→ **Given records**:
┏━━
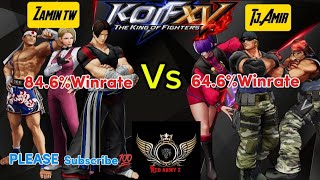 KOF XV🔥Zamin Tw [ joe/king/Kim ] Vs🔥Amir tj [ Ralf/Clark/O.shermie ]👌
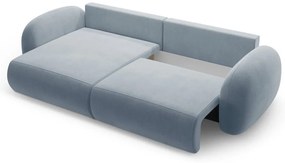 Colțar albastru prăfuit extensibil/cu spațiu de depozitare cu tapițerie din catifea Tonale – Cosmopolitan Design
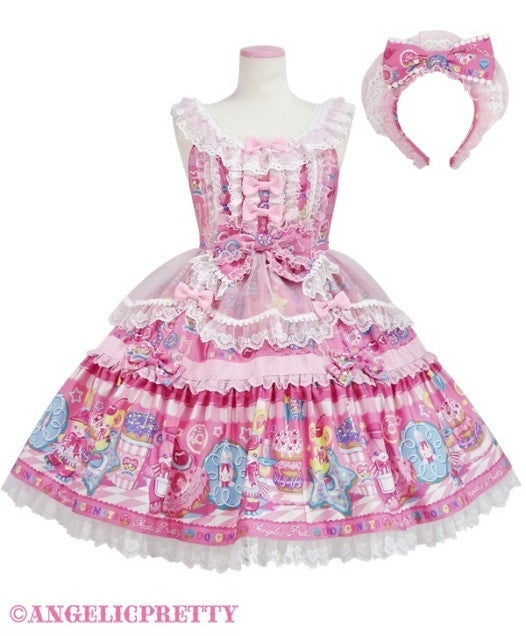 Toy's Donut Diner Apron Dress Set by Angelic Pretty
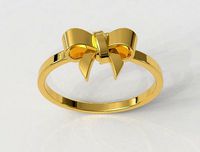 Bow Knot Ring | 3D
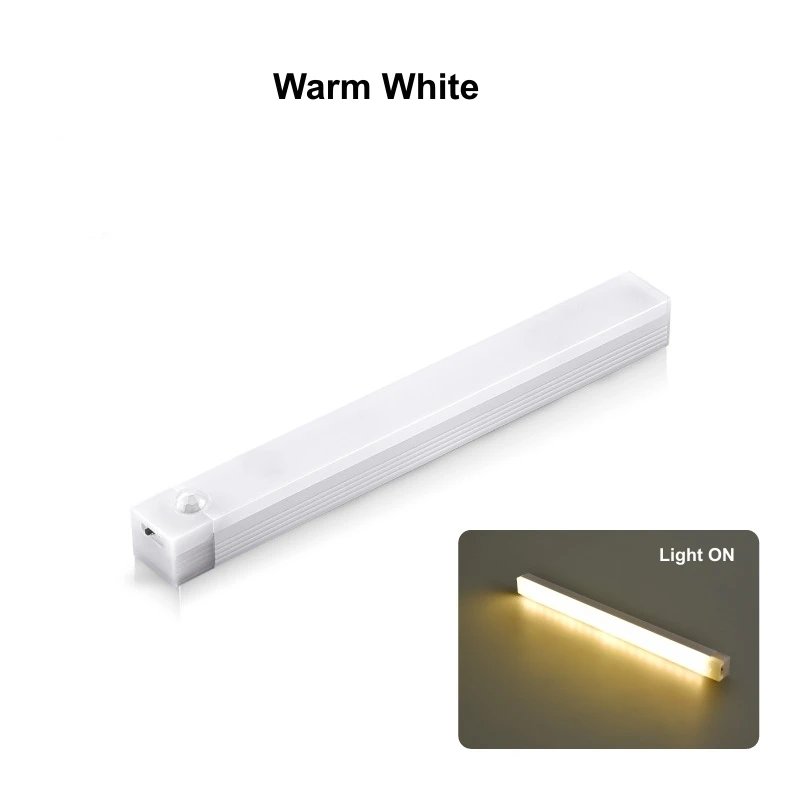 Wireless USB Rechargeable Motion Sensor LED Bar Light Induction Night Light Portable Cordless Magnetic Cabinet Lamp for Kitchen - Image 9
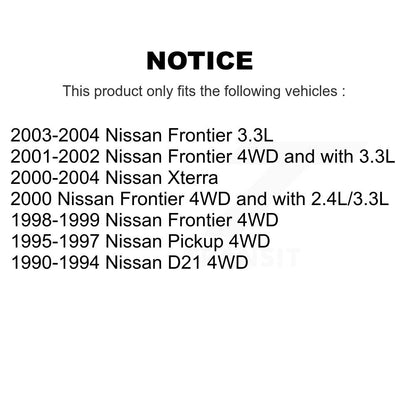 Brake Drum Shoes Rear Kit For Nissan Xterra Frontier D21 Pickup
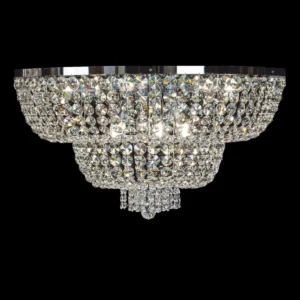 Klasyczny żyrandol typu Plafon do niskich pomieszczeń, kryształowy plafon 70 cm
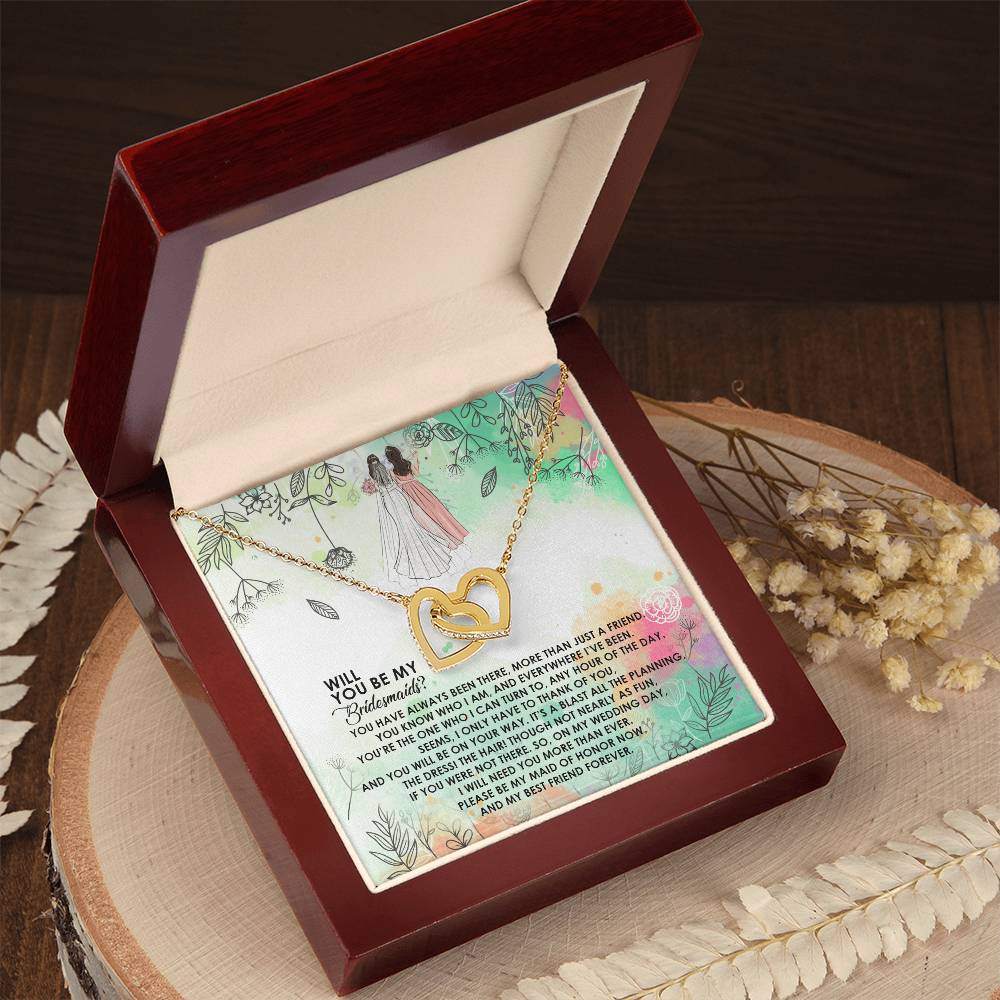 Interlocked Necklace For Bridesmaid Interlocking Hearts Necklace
┗━━
┏━━
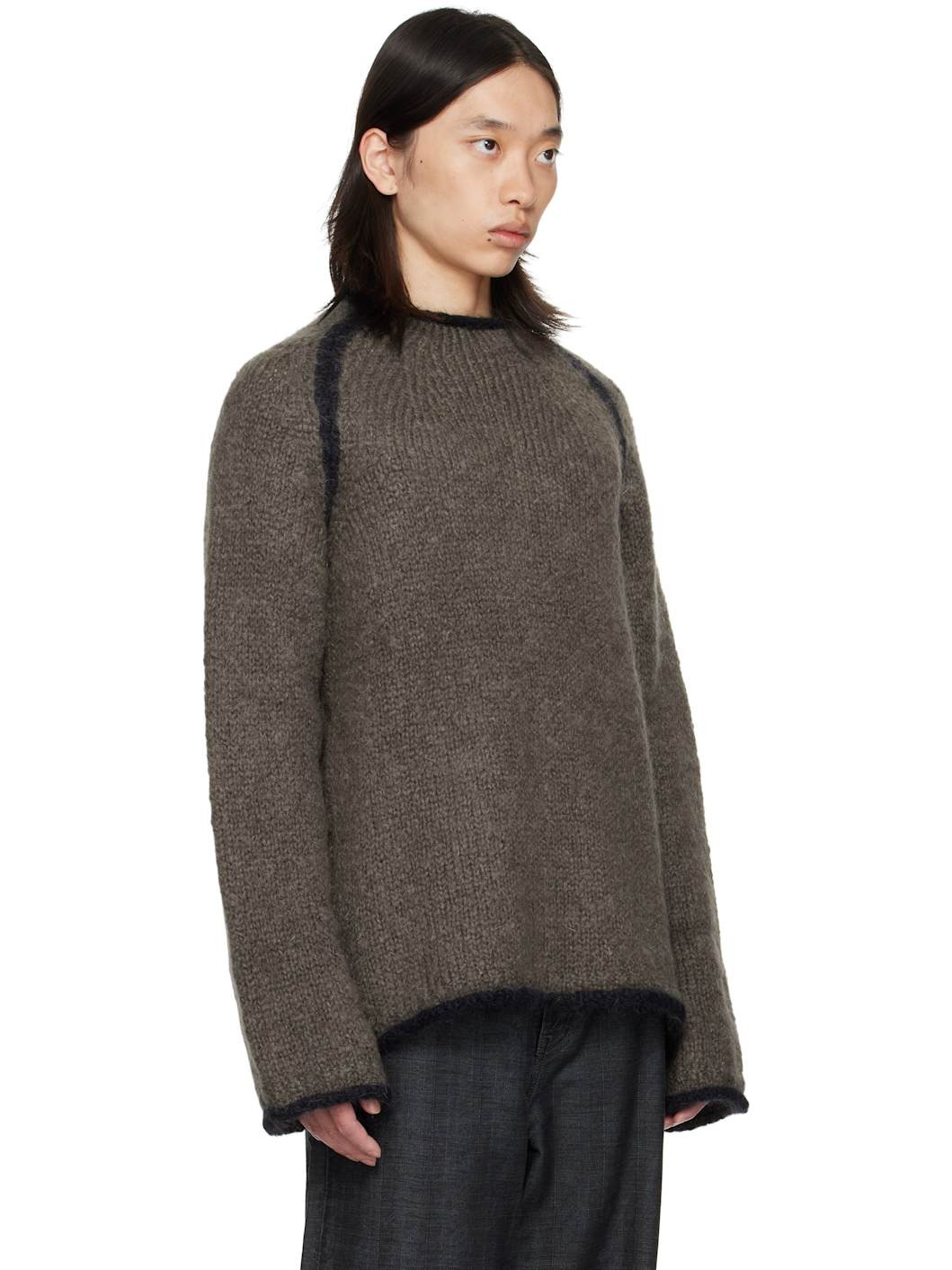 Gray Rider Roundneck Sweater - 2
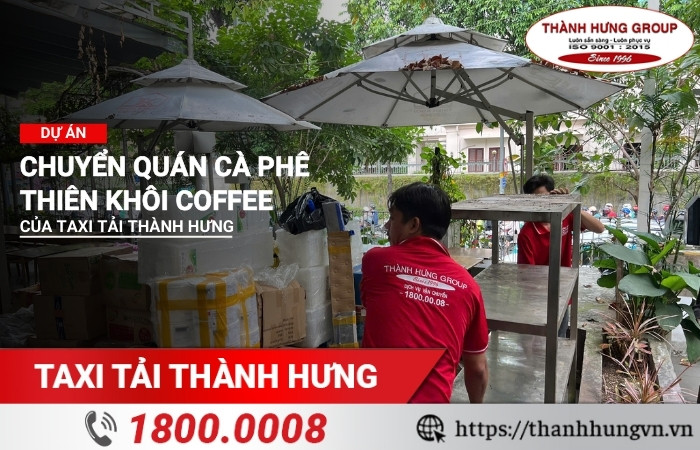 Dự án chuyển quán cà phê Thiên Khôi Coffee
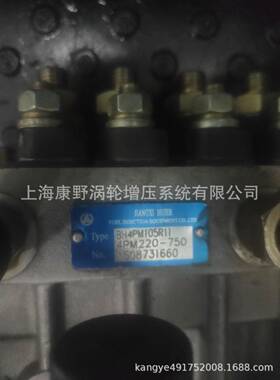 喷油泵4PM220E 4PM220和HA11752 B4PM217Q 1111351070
┗━━
→ **What is needed**: The response must repeat exactly the lines above from the one with "KOF XV🔥Zamin Tw" through the one with "Interlocked Necklace For", including both, and must contain no pictures and no other text.

→ **Answer area**:
 KOF XV🔥Zamin Tw [ joe/king/Kim ] Vs🔥Amir tj [ Ralf/Clark/O.shermie ]👌
 Colțar albastru prăfuit extensibil/cu spațiu de depozitare cu tapițerie din catifea Tonale – Cosmopolitan Design
 Toy's Donut Diner Apron Dress Set by Angelic Pretty
 Bow Knot Ring | 3D
 Wireless USB Rechargeable Motion Sensor LED Bar Light Induction Night Light Portable Cordless Magnetic Cabinet Lamp for Kitchen - Image 9
 Brake Drum Shoes Rear Kit For Nissan Xterra Frontier D21 Pickup
 Klasyczny żyrandol typu Plafon do niskich pomieszczeń, kryształowy plafon 70 cm
 Interlocked Necklace For Bridesmaid Interlocking Hearts Necklace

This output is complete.